[YOUR TASK] The answer must consist solely of the lines from the one containing "केजरीवाल के इफ्तार" through the last line of the records below, repeated exactly, with all pictures omitted.

[Short descriptive text snippets]
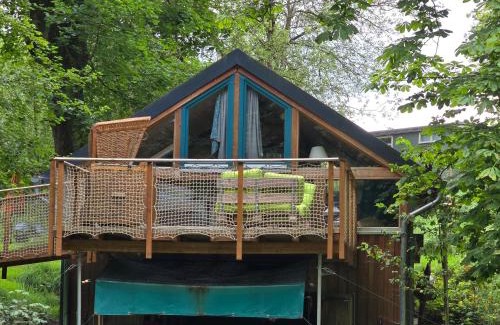 Hundsdorf Apartment | Bootshaus Froschkönig übernachten über dem Weiher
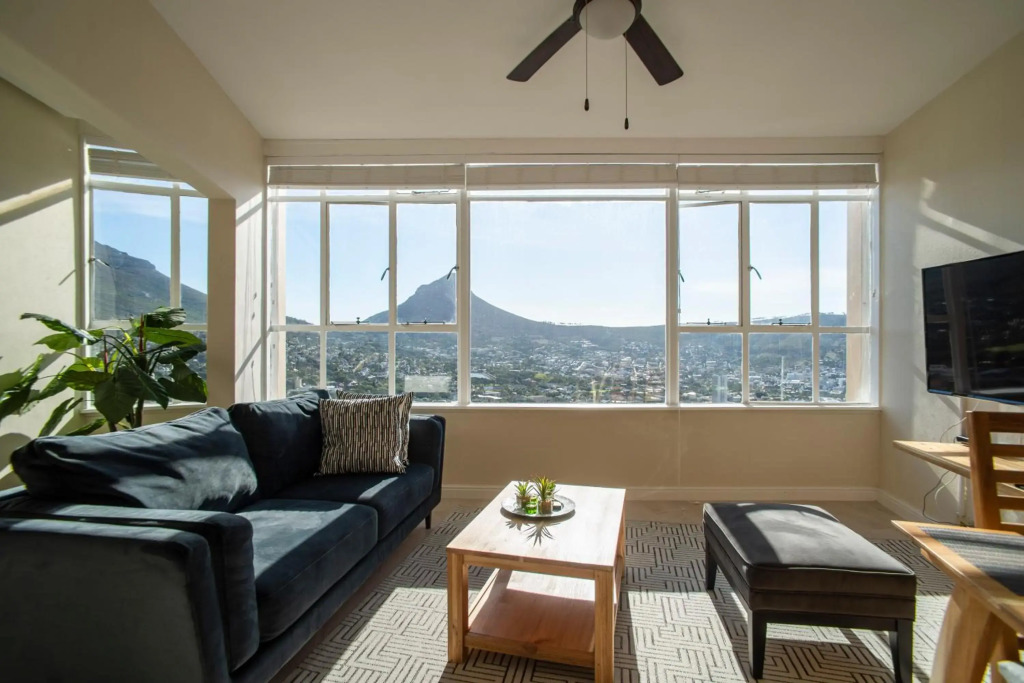 Disa Park 16th Floor Apartment with City Views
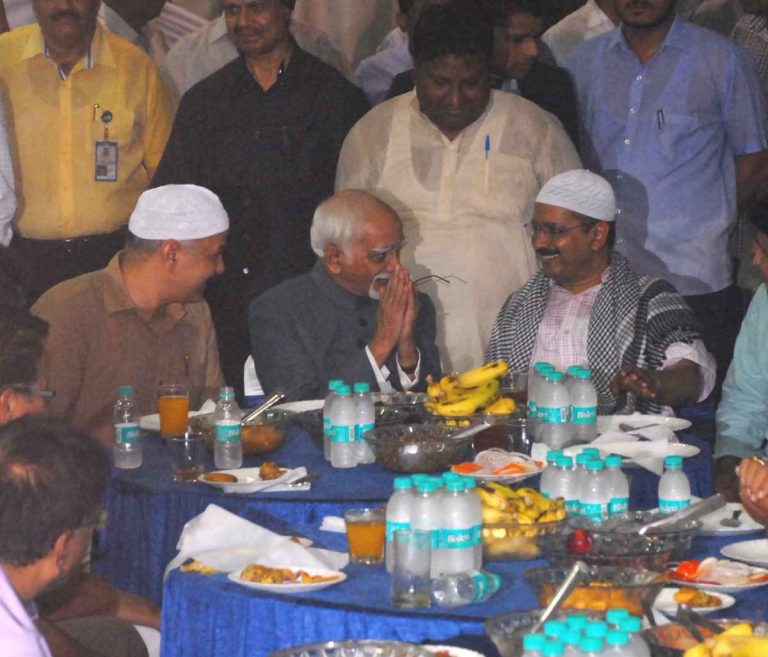 केजरीवाल के इफ्तार पार्टी में साफ दिखी केंद्र और दिल्ली सरकार की ”जंग”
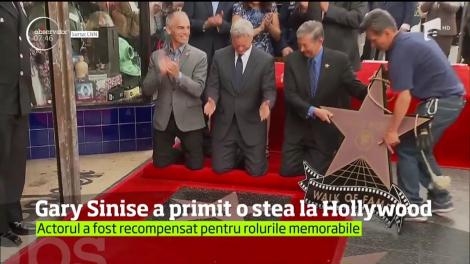 Actorul Gary Sinise a fost distins luni cu o stea pe Aleea celebrităţilor de la Hollywood şi a avut parte de o ceremonie inedită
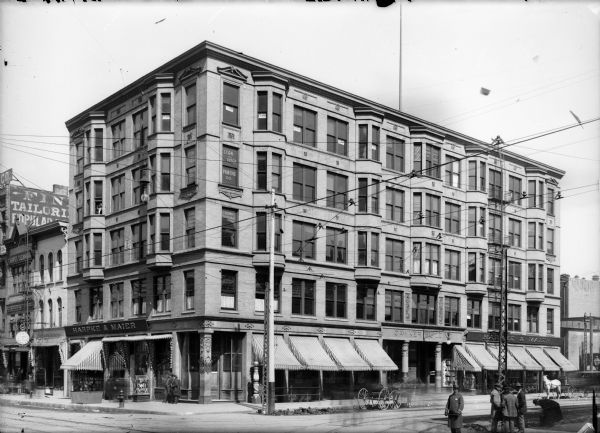 The northeast corner of the Cawker Building at W. Wells Street and N. Plankinton Avenue.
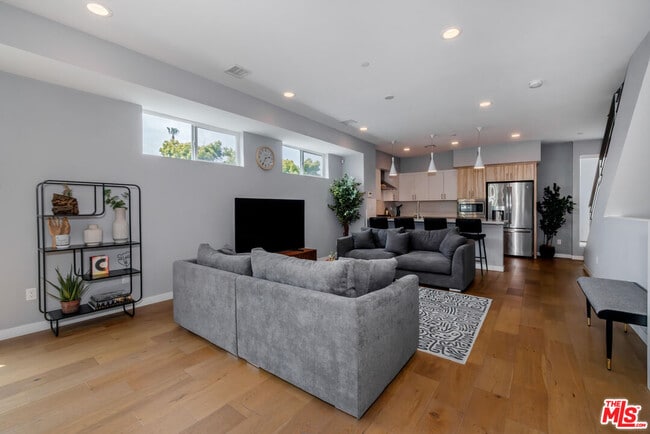 Photo - 1246 1/2 Gordon St Townhome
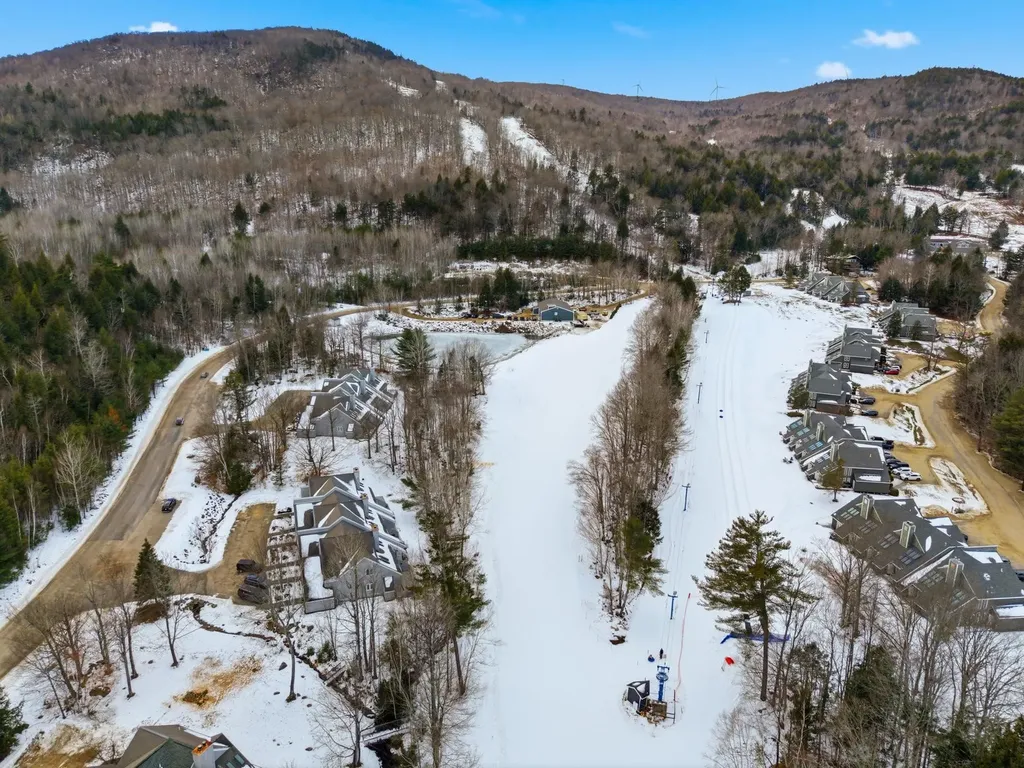 76 Davis Road Plymouth NH 03264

[OUTPUT BELOW]
 केजरीवाल के इफ्तार पार्टी में साफ दिखी केंद्र और दिल्ली सरकार की ”जंग”
 Actorul Gary Sinise a fost distins luni cu o stea pe Aleea celebrităţilor de la Hollywood şi a avut parte de o ceremonie inedită
 The northeast corner of the Cawker Building at W. Wells Street and N. Plankinton Avenue.
 Photo - 1246 1/2 Gordon St Townhome
 76 Davis Road Plymouth NH 03264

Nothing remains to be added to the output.